In years past we didn’t think about it.
Nature. Animals, plants, insects, fish — we didn’t consider our impact on these things.
We built things because we could. We had figured out the engineering, and it was almost a matter of meeting a challenge to prove that we could bring them to fruition.
So we built causeways and bridges, skyscrapers and megaships. We redirected rivers and diked off wetlands or filled them in entirely so we could build houses, shops and parks. After all, a marsh was just unusable land, right? We dredged lake and ocean foreshores for harbours and more. Nature and everything in it were there for us to conquer, to use for our ‘development’.
No thought was given to the functions these things were already serving and the mind-boggling interconnections that we are only now beginning to understand, from the smallest fish to the soaring eagle to the elk. They all depend upon each other, and we upon them.
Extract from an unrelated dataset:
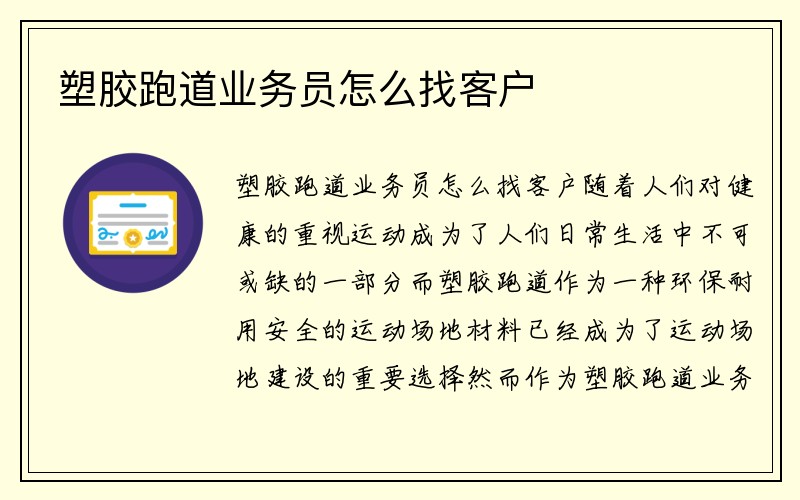 塑胶跑道业务员怎么找客户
And while nature is astoundingly adaptable, we have managed to destroy more than we will probably ever know in our ignorance and arrogance.
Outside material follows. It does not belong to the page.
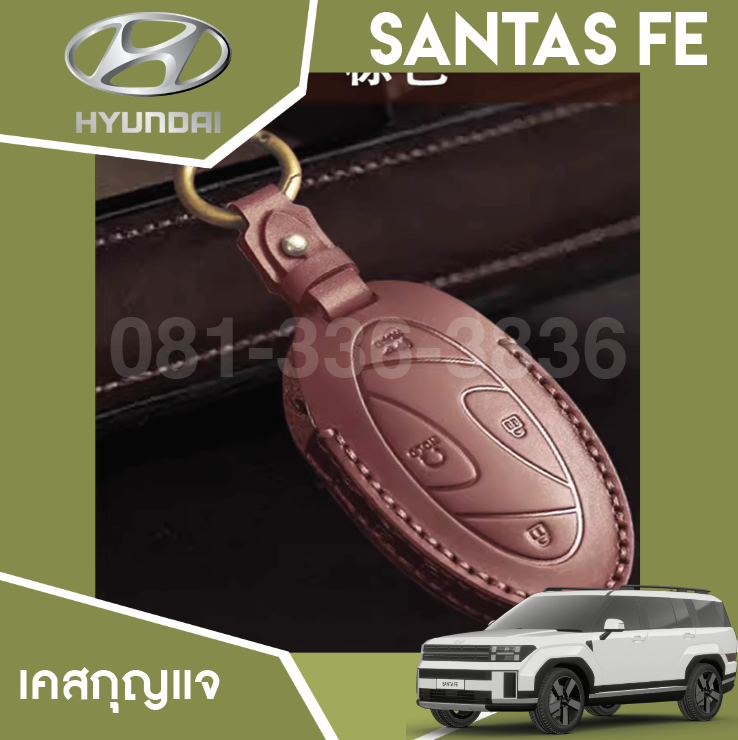 กุญแจหนัง เคส กุญแจหนัง Hyundai SANTA FE Hybrid ฮุนได ซานตา เฟ่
We are starting to wake up. We are starting to understand that plants are not separate from animals, which are not separate from birds. And we are not separate either.
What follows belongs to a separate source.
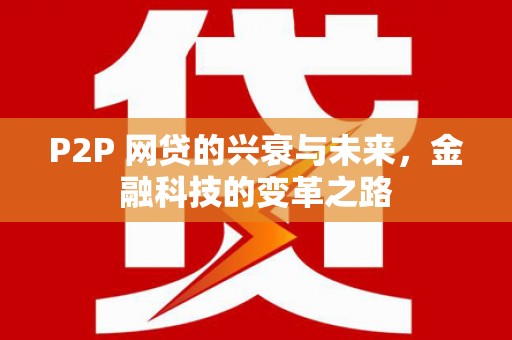 北林P2P 网贷的兴衰与未来，金融科技的变革之路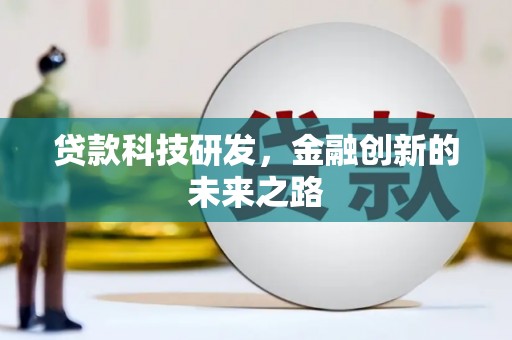 开江贷款科技研发，金融创新的未来之路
Some still look to the past and wonder why we cannot continue. Why we cannot, say, just build a gazebo in a riparian zone. Who’s it going to hurt?
It’s the same attitude that has people abandoning their derelict boats in bays and coves, leaving them to sink to the lake bottom with no regard for the pollution it causes and the potential harm.
This is not to say that we should stop all building and all development and not enjoy our shorelines and properties.
But we must do our due diligence first, and make sure our shed or fence or earth moving isn’t going to throw an unexpected spanner in the works.
Riparian regulations are there for a reason. In many cases we’re only starting to undo some of the damage we’ve caused in the past. Everything we do has consequences for the world around us. We must consider what those consequences will be and weigh our choices. We can’t just ignore them like we used to. Our eyes are open now. We can’t pretend they’re still closed.